Supplied data>
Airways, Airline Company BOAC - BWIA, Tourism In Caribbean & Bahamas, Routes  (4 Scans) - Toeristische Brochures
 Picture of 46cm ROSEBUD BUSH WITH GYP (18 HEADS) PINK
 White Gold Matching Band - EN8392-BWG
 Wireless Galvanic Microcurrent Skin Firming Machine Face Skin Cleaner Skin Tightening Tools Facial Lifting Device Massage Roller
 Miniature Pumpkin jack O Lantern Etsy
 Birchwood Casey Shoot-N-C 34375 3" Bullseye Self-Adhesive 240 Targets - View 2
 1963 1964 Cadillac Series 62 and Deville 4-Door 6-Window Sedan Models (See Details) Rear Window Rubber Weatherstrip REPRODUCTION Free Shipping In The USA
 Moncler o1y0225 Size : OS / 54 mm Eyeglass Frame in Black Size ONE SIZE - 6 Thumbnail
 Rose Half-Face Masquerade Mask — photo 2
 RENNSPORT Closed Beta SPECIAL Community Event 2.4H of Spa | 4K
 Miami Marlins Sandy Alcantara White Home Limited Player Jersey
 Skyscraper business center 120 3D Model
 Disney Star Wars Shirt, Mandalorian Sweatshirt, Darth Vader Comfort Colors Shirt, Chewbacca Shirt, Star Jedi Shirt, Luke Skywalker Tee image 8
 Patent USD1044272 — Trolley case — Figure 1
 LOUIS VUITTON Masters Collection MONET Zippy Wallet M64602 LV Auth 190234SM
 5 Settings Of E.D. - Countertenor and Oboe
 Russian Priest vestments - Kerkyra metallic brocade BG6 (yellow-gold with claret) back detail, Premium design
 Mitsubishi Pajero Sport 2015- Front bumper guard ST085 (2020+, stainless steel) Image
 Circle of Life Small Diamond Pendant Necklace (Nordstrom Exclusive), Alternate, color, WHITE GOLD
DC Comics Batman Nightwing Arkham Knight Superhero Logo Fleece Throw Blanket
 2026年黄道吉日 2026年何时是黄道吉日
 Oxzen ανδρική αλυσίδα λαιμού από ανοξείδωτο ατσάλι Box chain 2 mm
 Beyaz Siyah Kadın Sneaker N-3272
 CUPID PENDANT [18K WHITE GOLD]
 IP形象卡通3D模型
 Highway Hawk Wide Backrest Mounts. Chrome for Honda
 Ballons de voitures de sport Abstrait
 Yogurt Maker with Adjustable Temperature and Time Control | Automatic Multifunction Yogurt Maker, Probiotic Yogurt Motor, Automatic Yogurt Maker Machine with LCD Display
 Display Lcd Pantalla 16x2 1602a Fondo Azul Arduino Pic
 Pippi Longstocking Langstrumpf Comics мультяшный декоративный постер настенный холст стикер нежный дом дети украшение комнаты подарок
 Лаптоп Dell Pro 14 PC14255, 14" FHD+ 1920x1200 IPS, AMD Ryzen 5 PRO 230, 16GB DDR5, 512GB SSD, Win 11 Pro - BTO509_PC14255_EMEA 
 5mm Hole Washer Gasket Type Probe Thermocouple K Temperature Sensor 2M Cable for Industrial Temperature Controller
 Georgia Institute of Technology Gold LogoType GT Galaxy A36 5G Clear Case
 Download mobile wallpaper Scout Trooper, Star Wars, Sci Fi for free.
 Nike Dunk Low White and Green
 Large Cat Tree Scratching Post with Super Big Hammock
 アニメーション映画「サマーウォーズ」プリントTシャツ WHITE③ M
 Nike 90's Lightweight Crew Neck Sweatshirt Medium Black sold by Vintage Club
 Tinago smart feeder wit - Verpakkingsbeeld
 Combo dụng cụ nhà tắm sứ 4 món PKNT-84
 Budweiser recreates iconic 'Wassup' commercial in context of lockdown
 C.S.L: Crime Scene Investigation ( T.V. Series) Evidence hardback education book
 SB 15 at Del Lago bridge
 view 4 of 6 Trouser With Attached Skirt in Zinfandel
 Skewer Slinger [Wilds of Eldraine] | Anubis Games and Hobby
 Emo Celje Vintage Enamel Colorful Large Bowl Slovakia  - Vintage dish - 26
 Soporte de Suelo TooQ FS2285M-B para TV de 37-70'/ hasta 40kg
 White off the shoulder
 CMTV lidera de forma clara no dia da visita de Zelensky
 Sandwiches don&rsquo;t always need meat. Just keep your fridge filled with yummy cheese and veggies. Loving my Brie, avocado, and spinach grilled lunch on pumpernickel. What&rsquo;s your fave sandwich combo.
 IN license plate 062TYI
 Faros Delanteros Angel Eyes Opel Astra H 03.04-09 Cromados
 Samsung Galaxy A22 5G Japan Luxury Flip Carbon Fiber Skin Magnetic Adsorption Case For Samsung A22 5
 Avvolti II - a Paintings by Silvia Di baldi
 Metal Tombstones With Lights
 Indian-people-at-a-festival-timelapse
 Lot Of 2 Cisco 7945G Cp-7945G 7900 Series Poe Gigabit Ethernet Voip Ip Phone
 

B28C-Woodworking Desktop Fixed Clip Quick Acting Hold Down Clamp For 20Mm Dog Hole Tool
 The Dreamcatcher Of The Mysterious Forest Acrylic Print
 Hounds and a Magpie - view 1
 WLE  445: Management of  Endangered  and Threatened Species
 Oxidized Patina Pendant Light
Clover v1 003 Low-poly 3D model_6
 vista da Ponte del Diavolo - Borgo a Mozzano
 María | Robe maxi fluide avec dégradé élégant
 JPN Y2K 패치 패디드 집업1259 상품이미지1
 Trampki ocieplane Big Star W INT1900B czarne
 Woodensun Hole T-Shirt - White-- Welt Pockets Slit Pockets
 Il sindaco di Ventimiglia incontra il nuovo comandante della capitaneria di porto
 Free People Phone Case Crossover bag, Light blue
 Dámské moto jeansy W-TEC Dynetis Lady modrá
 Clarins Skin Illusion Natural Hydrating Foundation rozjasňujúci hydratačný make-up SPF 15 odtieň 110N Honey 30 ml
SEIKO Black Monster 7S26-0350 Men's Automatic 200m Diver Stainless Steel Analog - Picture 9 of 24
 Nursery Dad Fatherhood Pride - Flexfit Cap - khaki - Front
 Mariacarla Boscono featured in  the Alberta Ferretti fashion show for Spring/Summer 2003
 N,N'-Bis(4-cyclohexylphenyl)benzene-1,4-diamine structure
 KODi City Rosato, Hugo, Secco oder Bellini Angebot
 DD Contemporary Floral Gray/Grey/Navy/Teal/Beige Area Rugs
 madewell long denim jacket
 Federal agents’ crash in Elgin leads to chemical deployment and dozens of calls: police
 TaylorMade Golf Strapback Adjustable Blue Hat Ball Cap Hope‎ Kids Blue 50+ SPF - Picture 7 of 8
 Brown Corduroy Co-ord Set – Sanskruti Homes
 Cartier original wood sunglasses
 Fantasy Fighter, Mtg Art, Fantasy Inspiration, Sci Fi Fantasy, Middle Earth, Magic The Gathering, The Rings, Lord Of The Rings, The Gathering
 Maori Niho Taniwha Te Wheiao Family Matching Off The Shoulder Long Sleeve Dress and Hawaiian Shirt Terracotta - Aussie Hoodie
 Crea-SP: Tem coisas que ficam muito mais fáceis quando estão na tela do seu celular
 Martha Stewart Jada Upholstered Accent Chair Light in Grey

Problem requirements> Of all the entries above, repeat only the lines from the line that has "DD Contemporary Floral" to the line that has "Maori Niho Taniwha", both lines included, exactly.

Result for this exercise>
 DD Contemporary Floral Gray/Grey/Navy/Teal/Beige Area Rugs
 madewell long denim jacket
 Federal agents’ crash in Elgin leads to chemical deployment and dozens of calls: police
 TaylorMade Golf Strapback Adjustable Blue Hat Ball Cap Hope‎ Kids Blue 50+ SPF - Picture 7 of 8
 Brown Corduroy Co-ord Set – Sanskruti Homes
 Cartier original wood sunglasses
 Fantasy Fighter, Mtg Art, Fantasy Inspiration, Sci Fi Fantasy, Middle Earth, Magic The Gathering, The Rings, Lord Of The Rings, The Gathering
 Maori Niho Taniwha Te Wheiao Family Matching Off The Shoulder Long Sleeve Dress and Hawaiian Shirt Terracotta - Aussie Hoodie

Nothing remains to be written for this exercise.